---- Data to use

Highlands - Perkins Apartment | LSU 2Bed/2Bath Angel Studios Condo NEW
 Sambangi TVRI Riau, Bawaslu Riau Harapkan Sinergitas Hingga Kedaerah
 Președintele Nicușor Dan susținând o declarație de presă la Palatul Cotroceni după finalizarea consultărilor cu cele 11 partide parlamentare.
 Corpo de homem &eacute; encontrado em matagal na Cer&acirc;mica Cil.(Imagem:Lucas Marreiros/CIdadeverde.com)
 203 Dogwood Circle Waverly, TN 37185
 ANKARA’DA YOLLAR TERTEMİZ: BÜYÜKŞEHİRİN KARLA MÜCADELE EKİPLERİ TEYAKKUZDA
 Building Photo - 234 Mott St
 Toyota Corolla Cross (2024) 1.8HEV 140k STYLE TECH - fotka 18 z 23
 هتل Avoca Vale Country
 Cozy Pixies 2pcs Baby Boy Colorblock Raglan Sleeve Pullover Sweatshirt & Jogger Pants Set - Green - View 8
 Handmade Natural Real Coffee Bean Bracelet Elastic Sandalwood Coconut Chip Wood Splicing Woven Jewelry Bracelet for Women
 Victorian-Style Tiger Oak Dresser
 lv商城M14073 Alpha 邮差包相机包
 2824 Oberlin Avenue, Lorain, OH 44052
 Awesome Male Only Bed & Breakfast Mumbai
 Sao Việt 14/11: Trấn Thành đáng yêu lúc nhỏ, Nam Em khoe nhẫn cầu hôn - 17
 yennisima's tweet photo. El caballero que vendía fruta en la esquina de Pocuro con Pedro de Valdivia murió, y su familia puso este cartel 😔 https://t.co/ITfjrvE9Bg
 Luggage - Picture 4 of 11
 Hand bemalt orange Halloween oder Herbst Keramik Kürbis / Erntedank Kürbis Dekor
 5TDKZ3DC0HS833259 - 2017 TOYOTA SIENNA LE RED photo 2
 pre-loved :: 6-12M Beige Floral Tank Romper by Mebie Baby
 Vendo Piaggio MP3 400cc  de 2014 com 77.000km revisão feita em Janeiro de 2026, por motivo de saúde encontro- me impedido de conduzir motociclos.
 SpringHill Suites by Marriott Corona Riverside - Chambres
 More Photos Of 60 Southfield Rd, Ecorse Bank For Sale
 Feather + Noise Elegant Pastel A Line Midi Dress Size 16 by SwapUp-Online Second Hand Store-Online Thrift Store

--------

▶ **Assigned task**
Extract all of the material exactly as it is written.

▶ **Solution to the problem**
Highlands - Perkins Apartment | LSU 2Bed/2Bath Angel Studios Condo NEW
 Sambangi TVRI Riau, Bawaslu Riau Harapkan Sinergitas Hingga Kedaerah
 Președintele Nicușor Dan susținând o declarație de presă la Palatul Cotroceni după finalizarea consultărilor cu cele 11 partide parlamentare.
 Corpo de homem &eacute; encontrado em matagal na Cer&acirc;mica Cil.(Imagem:Lucas Marreiros/CIdadeverde.com)
 203 Dogwood Circle Waverly, TN 37185
 ANKARA’DA YOLLAR TERTEMİZ: BÜYÜKŞEHİRİN KARLA MÜCADELE EKİPLERİ TEYAKKUZDA
 Building Photo - 234 Mott St
 Toyota Corolla Cross (2024) 1.8HEV 140k STYLE TECH - fotka 18 z 23
 هتل Avoca Vale Country
 Cozy Pixies 2pcs Baby Boy Colorblock Raglan Sleeve Pullover Sweatshirt & Jogger Pants Set - Green - View 8
 Handmade Natural Real Coffee Bean Bracelet Elastic Sandalwood Coconut Chip Wood Splicing Woven Jewelry Bracelet for Women
 Victorian-Style Tiger Oak Dresser
 lv商城M14073 Alpha 邮差包相机包
 2824 Oberlin Avenue, Lorain, OH 44052
 Awesome Male Only Bed & Breakfast Mumbai
 Sao Việt 14/11: Trấn Thành đáng yêu lúc nhỏ, Nam Em khoe nhẫn cầu hôn - 17
 yennisima's tweet photo. El caballero que vendía fruta en la esquina de Pocuro con Pedro de Valdivia murió, y su familia puso este cartel 😔 https://t.co/ITfjrvE9Bg
 Luggage - Picture 4 of 11
 Hand bemalt orange Halloween oder Herbst Keramik Kürbis / Erntedank Kürbis Dekor
 5TDKZ3DC0HS833259 - 2017 TOYOTA SIENNA LE RED photo 2
 pre-loved :: 6-12M Beige Floral Tank Romper by Mebie Baby
 Vendo Piaggio MP3 400cc  de 2014 com 77.000km revisão feita em Janeiro de 2026, por motivo de saúde encontro- me impedido de conduzir motociclos.
 SpringHill Suites by Marriott Corona Riverside - Chambres
 More Photos Of 60 Southfield Rd, Ecorse Bank For Sale
 Feather + Noise Elegant Pastel A Line Midi Dress Size 16 by SwapUp-Online Second Hand Store-Online Thrift Store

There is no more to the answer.